»»
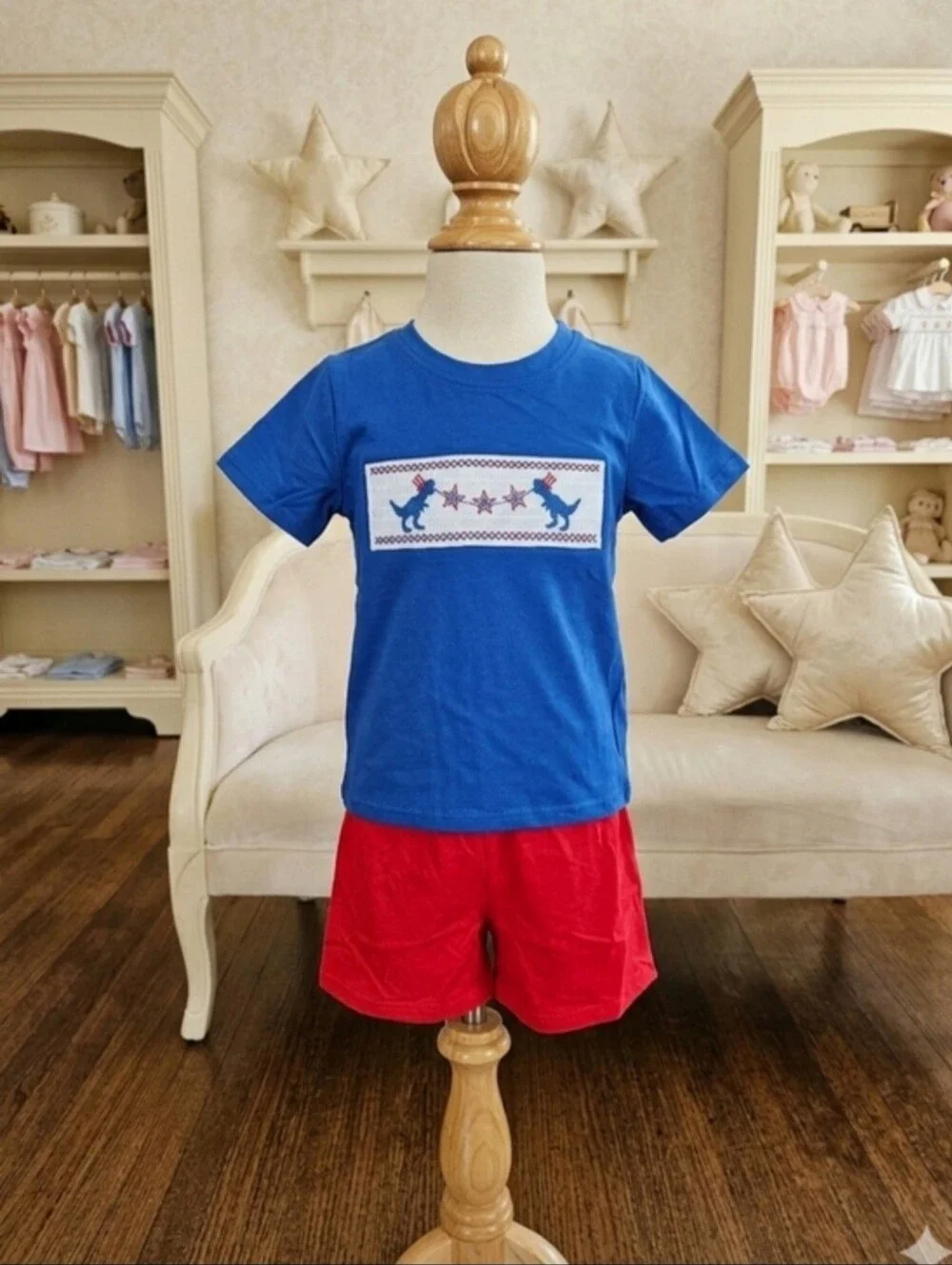 NWT Rylee Faith Designs Patriotic Dino Outfit 🇺🇸
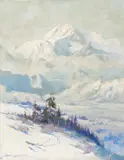 Mt. McKinley, Winter by Sydney Laurence, oil on canvas, sold Jul 2018
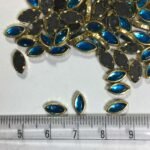 Glass Kundan Stones in Flat Back Mounts Eye Shape 8x5MM (Sky Blue)15 grams - Image 2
««
**Task statement**
If a line holds a picture, skip the picture and transcribe the rest of the material exactly.

**Answer space**
 NWT Rylee Faith Designs Patriotic Dino Outfit 🇺🇸
 Mt. McKinley, Winter by Sydney Laurence, oil on canvas, sold Jul 2018
 Glass Kundan Stones in Flat Back Mounts Eye Shape 8x5MM (Sky Blue)15 grams - Image 2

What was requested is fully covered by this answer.